“He gave the best captain’s speech I ever heard in my career.”
Liverpool completed one of football’s greatest comebacks in the 2005 Champions League final, and Djibril Cisse credits Steven Gerrard’s half-time speech with inspiring the team.
Liverpool were 3-0 down to AC Milan, a brilliant team coached by Carlo Ancelotti.
It’s difficult to overstate just how good the Italian team were. From Paolo Maldini and Alessandro Nesta at the back, to Andrea Pirlo and Clarence Seedorf in midfield and forwards Kaka and Andriy Shevchenko, Milan had world class players in almost every position.
Meanwhile, Liverpool started with Djimi Traore and Harry Kewell
On paper, ahead of the game, it looked like a mismatch and it proved to be so in the first half.
Maldini opened the scoring for Milan after less than a minute, Hernan Crespo then doubled the lead and got his second just before half-time.
The Argentine’s goal to make it 3-0 appeared to perfectly convey the gulf in class between the two teams.
Kaka collected the ball in midfield, with Liverpool’s defence out of shape and running back, the playmaker picked out a perfect pass, that just made it past Jamie Carragher’s outstretched leg and landed perfectly in Crespo’s path.
The striker, on-loan at Milan from Chelsea at the time, beat Jerzy Dudek with a deft dink and ran off celebrating before the ball even hit the back of the net.
Three-nil. Game over.
Liverpool trudged back into the dressing room, facing the prospect of being utterly humiliated in the club’s biggest game for decades.
Cisse has been speaking about what happened at half-time in the dressing room. Rafa Benitez made a tactical shift, taking right-back Steve Finnan off for defensive midfielder Didi Hamann.
The French striker says Benitez was “really optimistic” and gave a positive talk to the team. However, Cisse has claimed that it was Gerrard’s speech that “really changed the game.”
“He (Gerrard) asked nicely to the staff to be alone with the players,” Cisse, who would go on to score a penalty in the shoot-out, told The Mirror.
“He said that he is a Liverpool kid, always been his club, he didn’t want to see his club being like this, being humiliated.
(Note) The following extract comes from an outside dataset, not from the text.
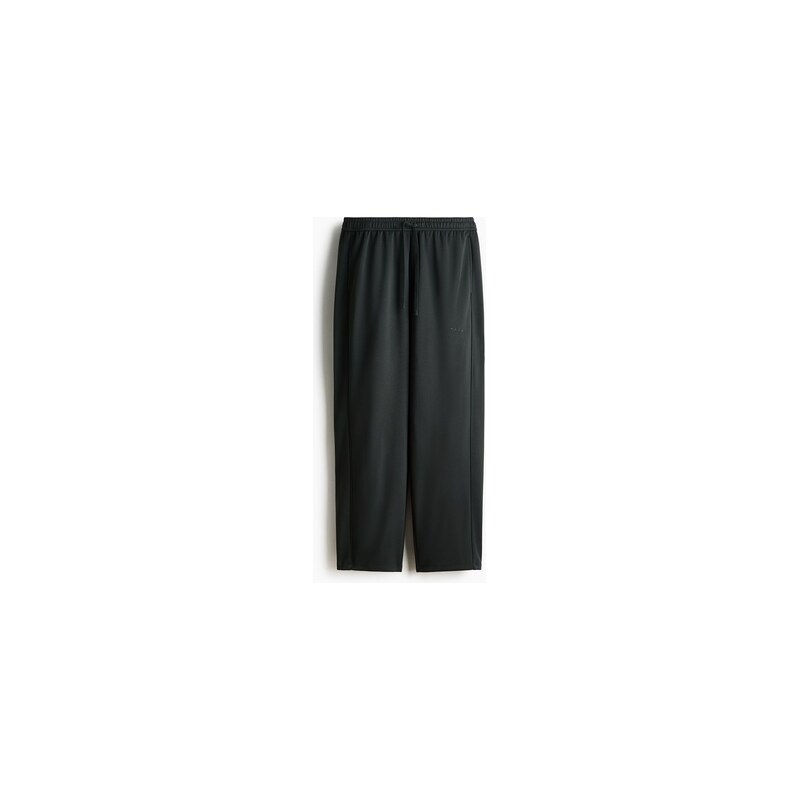 H&M - Sportovní kalhoty jogger Relaxed Fit DryMove - Tmavě Šedá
And he said if we scored in the first 15 minutes we would win the game and he’s the guy who scored the first goal.”
The Liverpool captain was right.
In a crazy six-minute spell, goals from Gerrard, Vladimir Smicer and Xabi Alonso drew Liverpool level.
The game went to extra-time. When Dudek denied Shevchenko’s header, and follow-up shot from a few yards out, it just felt like it was going to be Liverpool’s night.
Dudek would thwart Shevchenko again in the shoot-out, saving the decisive penalty.
Liverpool came from 3-0 down against one of the world’s best teams to win their fifth European Cup.
And Cisse reckons the comeback began with Gerrard’s words at half-time.
“He gave the best captain’s speech I ever heard in my career,” the retired striker said.
“He asked everyone to leave, including Rafa, he just asked to be with the players. That’s what gave us the power to go and win the game. You need to have some balls to do this.”
Cisse also said that, when the team got together to celebrate the 10 year anniversary of winning the trophy, it felt surreal watching videos of the match.
“It wasn’t real, it looked like a movie or something. It was a strange feeling for me.”
A strange feeling but a winning feeling soon followed.